The characters are intentionally dislikable, whether it be the vacuous vapidity and ignorance of the star, through the last teenage boys you'd want anyone you know hanging with (not because they're dealers or users just because they're all *beep* through family dirtbags from hell (sorry), down all the way to the hypercriminality of a State Trooper (Kelly's biggest fan) who trolls her strip site, there are no words to adequately summarise these beautifully realised characters.
What absolutely enraptured me was the experimental use of audio, looping sections in and out, appearing when they do to juxtapose something entirely different from the original concept. Pushing that increasingly more hectic headspace lends you a real-time sense of a real night of rampage on drugs.
It is a modern masterpiece of style (perhaps over content, but the film isn't meant to be a manual - it's supposed to be hitching a wild ride with a front row seat + the added protection of screen between it and you) which has been made to antagonise, from the uncomfortable strip show start onwards, it sketchily draws stereotypes/tropes of obnoxious behaviour from the real world around you. Be it youtube, Facebook , snapchat, vine, we live in a culture of immediacy with little contemplation of consequence under the rule of the rampant id. The sense of entitlement Kelly possesses is only in equal measure to her egotism and narcissism, things that US Culture tends to exhault constantly throughout all its media channels 24/7 leading to this expectation of fame and money, with reality TV and the inherent transitory nature of such celebrity.
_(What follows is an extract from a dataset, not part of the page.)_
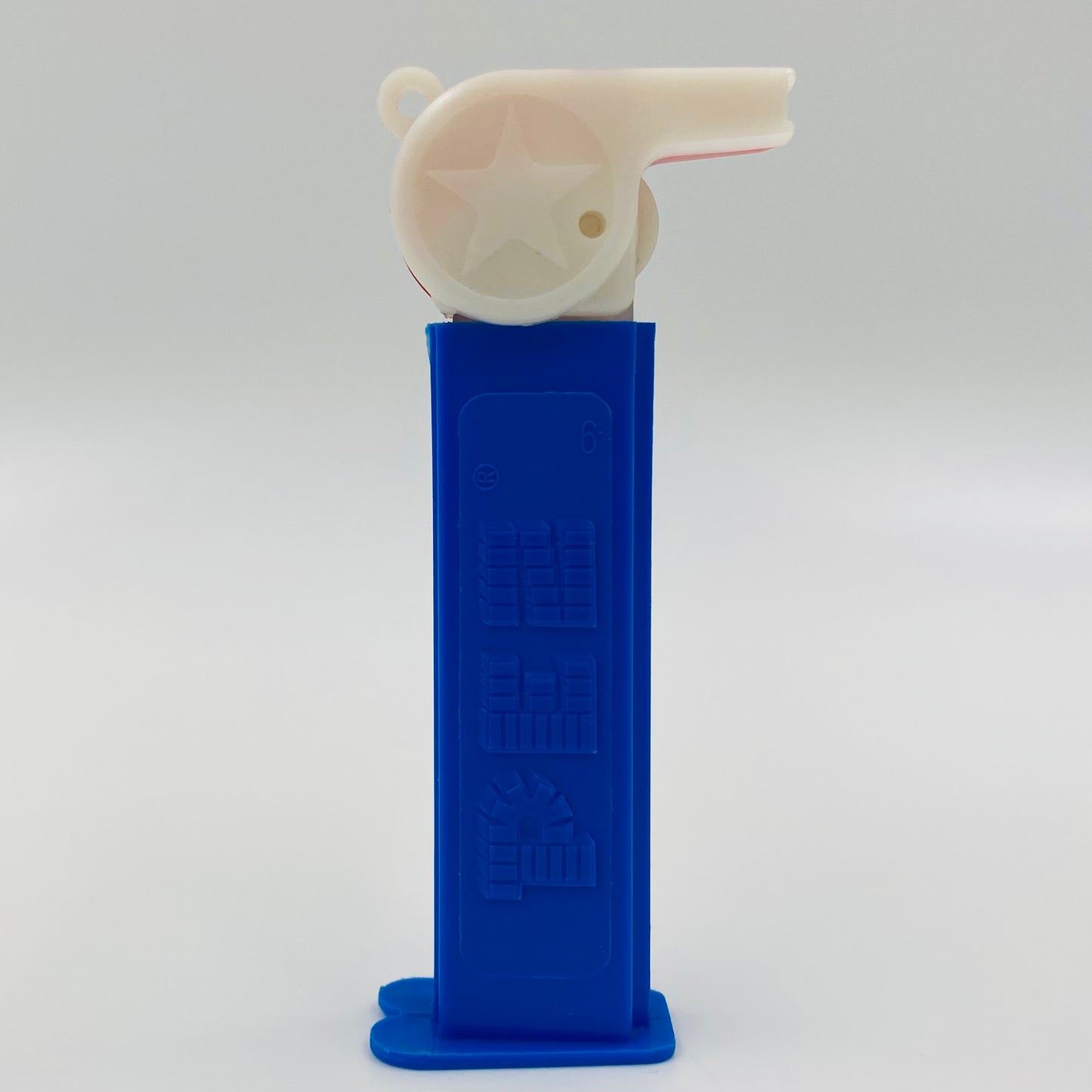 PEZ Coach Whistle (white/red) PEZ dispenser (1990's) loose 4.9 China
You could point fingers at people like the 24Hour media ,the Kardashians, or Big Brother or any convolution hybrid imaginable, you'll still have your oar in the barrel stirring the same *beep* - and this is the same *beep* barrel from which young adults kids alike are learning adulthood, morality and ethics. They don't , however, have the power to retain this information, which is perhaps a straw one can cling to for the future.
This should be considered for study in high school or college.